La fresque de Ducos de la Haille
La fresque qui décore le pourtour du Forum, situé au cœur du Palais de la Porte Dorée et classé au titre des monuments historiques depuis 1987, a été réalisée par Pierre Henri Étienne Ducos de la Haille (1889-1972), prix de Rome de peinture en 1922 et professeur à l’École des beaux-arts jusqu’en 1949, qui a fait partie des peintres qui ont participé au renouveau de la technique de la fresque au début du XXe siècle.
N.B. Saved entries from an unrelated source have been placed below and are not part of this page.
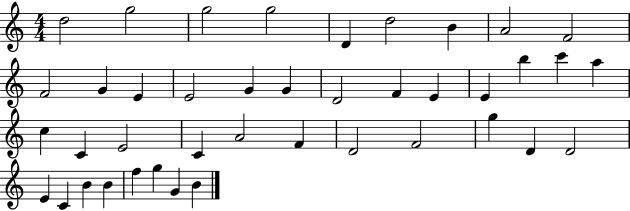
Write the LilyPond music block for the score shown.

{
  \clef treble
  \numericTimeSignature
  \time 4/4
  \key c \major
  d''2 g''2 | g''2 g''2 | d'4 d''2 b'4 | a'2 f'2 | \break f'2 g'4 e'4 | e'2 g'4 g'4 | d'2 f'4 e'4 | e'4 b''4 c'''4 a''4 | \break c''4 c'4 e'2 | c'4 a'2 f'4 | d'2 f'2 | g''4 d'4 d'2 | \break e'4 c'4 b'4 b'4 | f''4 g''4 g'4 b'4 | \bar "|."
}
La commande de l’architecte du Palais Albert Laprade était de figurer « l’apport de la France à l’Outremer » sur les murs de la Salle des fêtes, lieu des galas et manifestations officielles pendant l’Exposition coloniale de 1931, avec un décor sur plus de 600 m², réalisé par le peintre, ses sept assistants, dont on peut lire les noms à gauche de l’entrée, ainsi que ses élèves. On sait que l’architecte du Palais Albert Laprade a choisi Ducos de la Haille pour le décor du Palais, en partie parce que le peintre avait séjourné en Algérie lors de son service militaire, de 1912 à 1914.
Comme en attestent les archives, Laprade eut de nombreuses discussions avec le peintre sur le programme iconographique (le bandeau sur les yeux de la Justice, le gratte-ciel sur les jambes de l’Amérique, la trop grande quantité de bateaux à voile…) et les relations entre les deux hommes en ont pâti, même si Ducos a tenu compte de certaines remarques de l’architecte, notamment pour la peinture centrale.
Constituant le fond de la scène, à l’opposé de l’entrée depuis le hall d’honneur, le grand panneau central (10 m de long sur 8 m de haut), exécuté en 40 jours, représente la France, allégorie drapée de rouge impérial et de blanc pacifique. Elle est entourée d’un Amour ailé, d’une treille, symbole d’abondance et de richesse, d’un chêne symbole de force, d’un laurier symbole de gloire et de voiles blanches qui symbolisent sa colonisation outre-mer.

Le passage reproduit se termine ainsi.